Lors d’une interview, on le questionne sur la foi qu’on lui prête, il répond tout simplement, « de temps à autre, j’éprouve le besoin de me dire que je suis catholique… simplement pour me rappeler que je ne suis pas musulman, ni prêt à le devenir…je veux m’enrichir et même me transformer grâce à l’Autre. Je ne veux pas cesser d’être moi-même.»

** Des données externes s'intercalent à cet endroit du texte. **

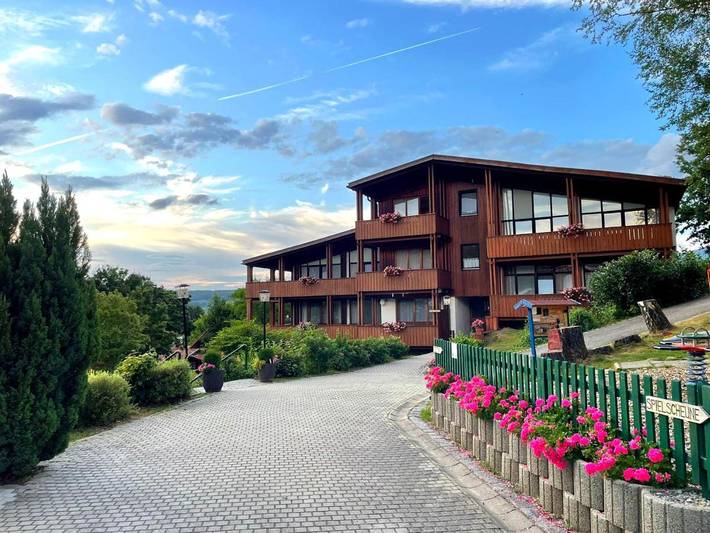 Ferienhaus für 2 Personen, mit Balkon und Whirlpool sowie Terrasse und Garten in Grafenwiesen - 3
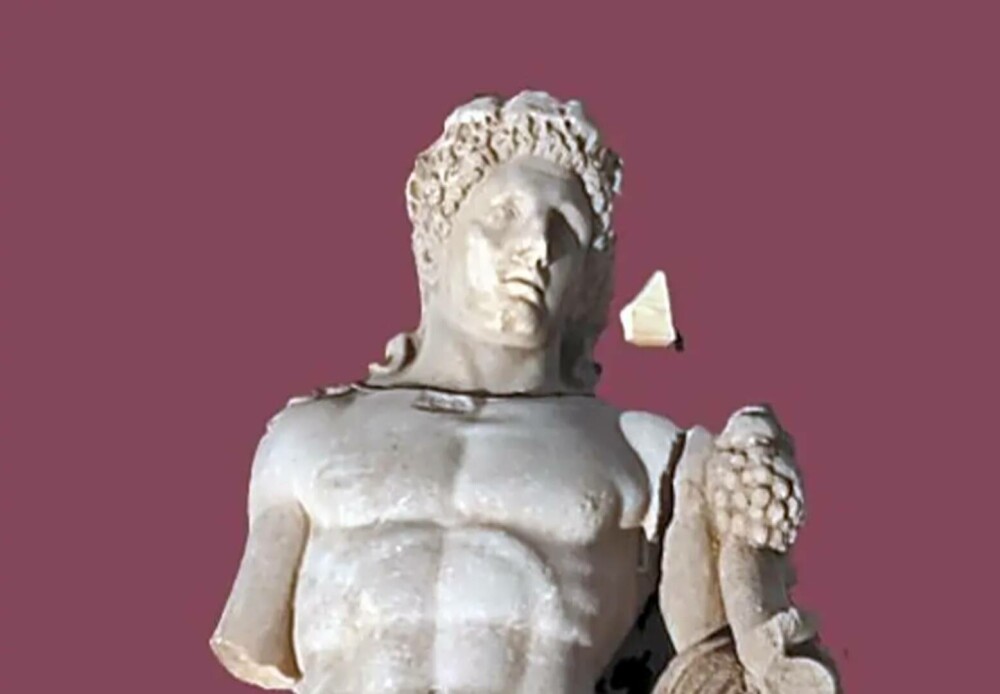 O statuie a lui Hercule, veche de 2.000 de ani, a fost descoperită în Grecia. La ce era folosită - Imaginea 1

Cette idée de l’enrichissement par la différence est fortement enracinée dans l’univers berquien et elle irradie sans cesse des lumières inattendues sur de multiples pistes de recherches. Pour le penseur, le dialogue des cultures se doit de préserver les différences, de les assumer et non de les aplanir. Ne rejoint-il pas la célèbre pensée de Montaigne : « A frotter et à limer sa cervelle contre celle d’autrui et les aspérités s’amenuisent.»
Maître des études arabes et islamiques, l’un des plus grands penseurs du XXè siècle, Jacques Berque laisse une oeuvre impressionnante avec quarante trois ouvrages et plus de deux cents articles écrits au long de cinquante années de recherches. Pour son optimisme et sa réelle ouverture d’esprit, pour son incitation au dialogue et au rapprochement des peuples, pour son oeuvre colossale, on peut dire que ce passeur entre les cultures et les civilisations est l’un des représentants les plus caractéristiques de l’esprit des Lumières.
1/ Samuel Huntington est né le 18 avril 1927 et décède le 24 décembre 2008. Professeur américain de sciences politiques, il est l’auteur d’un livre célèbre, Le choc des civilisations (2004).